▸ **Task requirements**: For the records below, copy exactly the span that begins at the line containing "T Rex Dinosaur" and stops after the line containing "Light gray half", minus any pictures.

**** Excerpted data ****

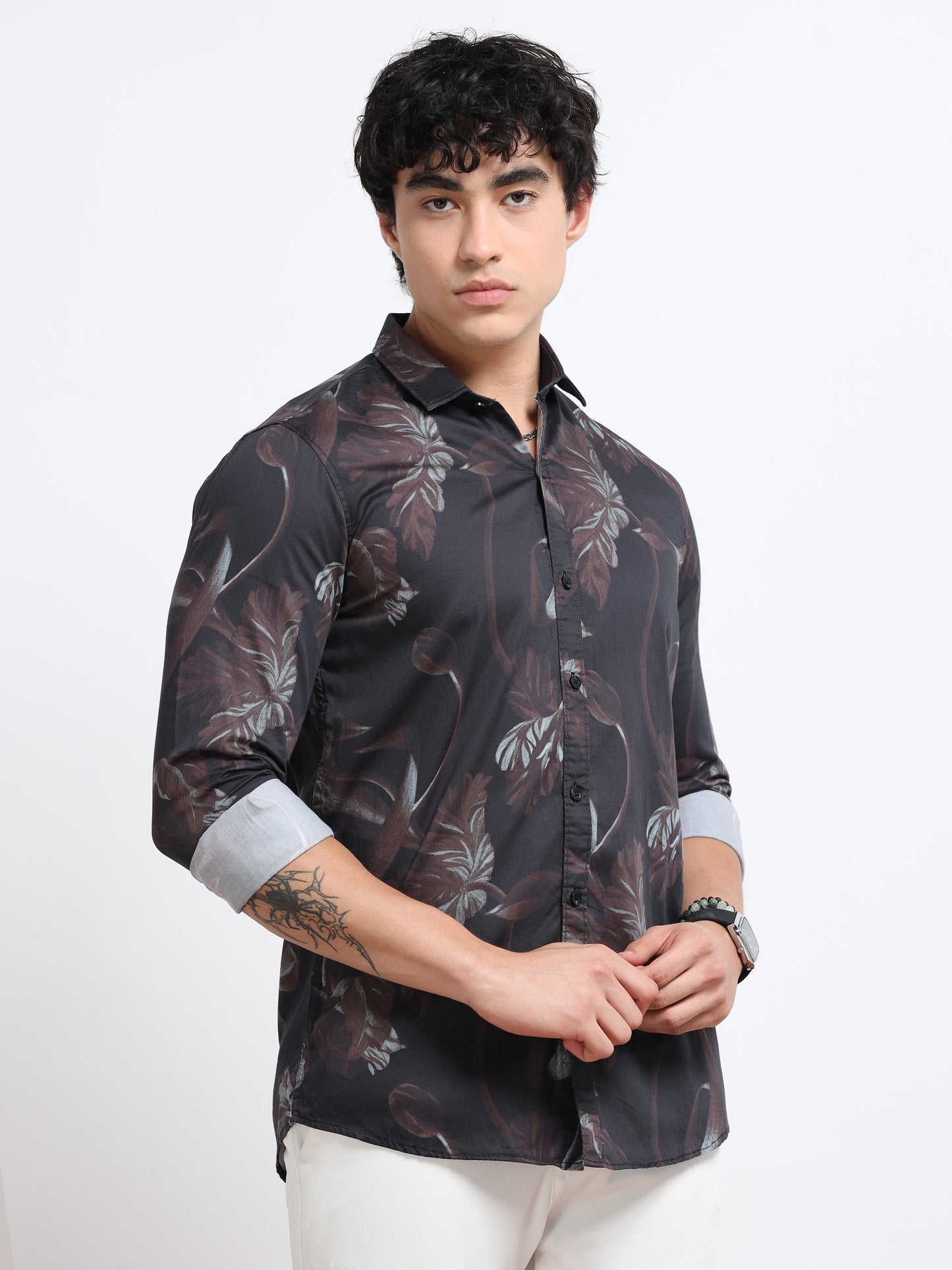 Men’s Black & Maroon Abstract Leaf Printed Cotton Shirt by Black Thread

****
**** Excerpted data ****

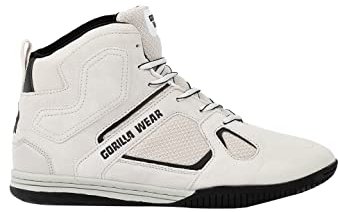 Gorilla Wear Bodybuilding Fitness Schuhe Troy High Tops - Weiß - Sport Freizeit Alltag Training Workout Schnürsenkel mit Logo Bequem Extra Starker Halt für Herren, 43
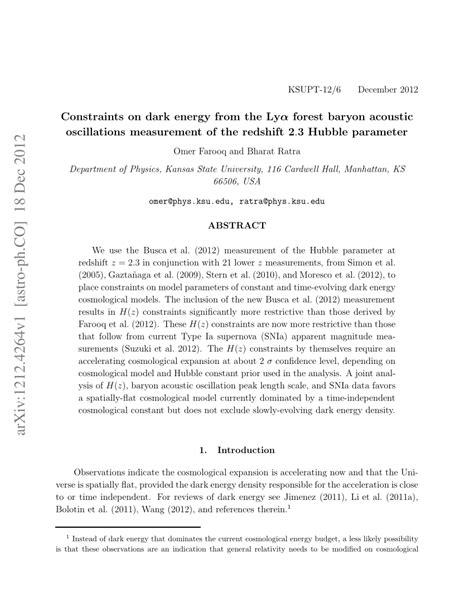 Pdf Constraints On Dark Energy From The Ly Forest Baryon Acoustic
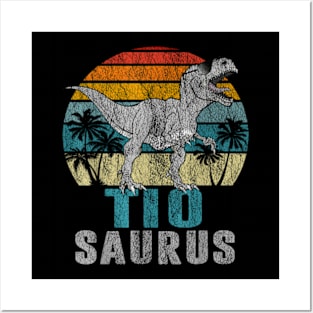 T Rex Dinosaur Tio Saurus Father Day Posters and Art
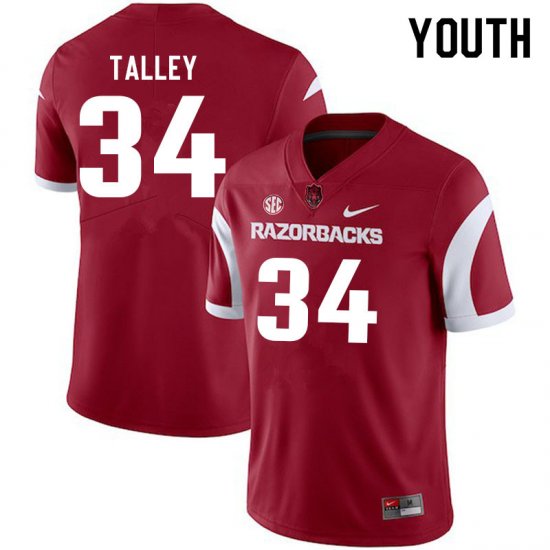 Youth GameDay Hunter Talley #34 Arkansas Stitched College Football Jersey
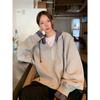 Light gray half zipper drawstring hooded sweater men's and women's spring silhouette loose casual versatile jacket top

****

▸ **Your response**:
 T Rex Dinosaur Tio Saurus Father Day Posters and Art
 Youth GameDay Hunter Talley #34 Arkansas Stitched College Football Jersey
 Light gray half zipper drawstring hooded sweater men's and women's spring silhouette loose casual versatile jacket top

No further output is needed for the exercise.